Problem ::
Copy nothing but the lines below running from the line containing "Yamaha T MAX" through the line containing "Vestido Gigli Multi", both end lines included.
==== Stored data
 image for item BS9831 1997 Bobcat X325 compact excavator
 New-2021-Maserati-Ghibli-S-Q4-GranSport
========
==== Stored data
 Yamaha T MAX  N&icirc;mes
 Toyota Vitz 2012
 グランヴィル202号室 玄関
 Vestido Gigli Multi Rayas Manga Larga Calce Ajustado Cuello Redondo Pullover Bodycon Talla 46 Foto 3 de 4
========
==== Stored data
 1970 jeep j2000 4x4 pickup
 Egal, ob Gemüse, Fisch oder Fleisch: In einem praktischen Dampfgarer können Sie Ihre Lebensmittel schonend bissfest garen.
========
Solution to the exercise ::
 Yamaha T MAX  N&icirc;mes
 Toyota Vitz 2012
 グランヴィル202号室 玄関
 Vestido Gigli Multi Rayas Manga Larga Calce Ajustado Cuello Redondo Pullover Bodycon Talla 46 Foto 3 de 4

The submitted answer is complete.